**** Entries shown

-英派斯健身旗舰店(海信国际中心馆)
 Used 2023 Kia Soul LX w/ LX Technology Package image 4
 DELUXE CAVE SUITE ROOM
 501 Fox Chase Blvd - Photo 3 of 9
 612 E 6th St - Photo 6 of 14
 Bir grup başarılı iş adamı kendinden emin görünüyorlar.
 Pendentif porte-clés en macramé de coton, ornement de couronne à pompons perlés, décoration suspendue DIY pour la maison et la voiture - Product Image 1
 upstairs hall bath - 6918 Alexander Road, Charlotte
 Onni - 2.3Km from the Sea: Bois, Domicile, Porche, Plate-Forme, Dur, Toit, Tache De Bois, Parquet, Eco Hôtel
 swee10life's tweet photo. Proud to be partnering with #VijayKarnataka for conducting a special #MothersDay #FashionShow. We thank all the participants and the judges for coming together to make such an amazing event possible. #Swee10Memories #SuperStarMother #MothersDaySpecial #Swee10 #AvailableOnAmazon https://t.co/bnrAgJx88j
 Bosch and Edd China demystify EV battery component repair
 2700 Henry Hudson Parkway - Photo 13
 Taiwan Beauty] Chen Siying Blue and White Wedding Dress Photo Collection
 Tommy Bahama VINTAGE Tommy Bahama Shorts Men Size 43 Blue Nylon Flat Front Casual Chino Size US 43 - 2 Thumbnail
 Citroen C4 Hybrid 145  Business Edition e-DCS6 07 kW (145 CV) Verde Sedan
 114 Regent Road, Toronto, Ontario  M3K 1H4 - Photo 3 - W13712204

********

[To do] Would you reproduce the material above in full, exactly as given?

[Reply]
-英派斯健身旗舰店(海信国际中心馆)
 Used 2023 Kia Soul LX w/ LX Technology Package image 4
 DELUXE CAVE SUITE ROOM
 501 Fox Chase Blvd - Photo 3 of 9
 612 E 6th St - Photo 6 of 14
 Bir grup başarılı iş adamı kendinden emin görünüyorlar.
 Pendentif porte-clés en macramé de coton, ornement de couronne à pompons perlés, décoration suspendue DIY pour la maison et la voiture - Product Image 1
 upstairs hall bath - 6918 Alexander Road, Charlotte
 Onni - 2.3Km from the Sea: Bois, Domicile, Porche, Plate-Forme, Dur, Toit, Tache De Bois, Parquet, Eco Hôtel
 swee10life's tweet photo. Proud to be partnering with #VijayKarnataka for conducting a special #MothersDay #FashionShow. We thank all the participants and the judges for coming together to make such an amazing event possible. #Swee10Memories #SuperStarMother #MothersDaySpecial #Swee10 #AvailableOnAmazon https://t.co/bnrAgJx88j
 Bosch and Edd China demystify EV battery component repair
 2700 Henry Hudson Parkway - Photo 13
 Taiwan Beauty] Chen Siying Blue and White Wedding Dress Photo Collection
 Tommy Bahama VINTAGE Tommy Bahama Shorts Men Size 43 Blue Nylon Flat Front Casual Chino Size US 43 - 2 Thumbnail
 Citroen C4 Hybrid 145  Business Edition e-DCS6 07 kW (145 CV) Verde Sedan
 114 Regent Road, Toronto, Ontario  M3K 1H4 - Photo 3 - W13712204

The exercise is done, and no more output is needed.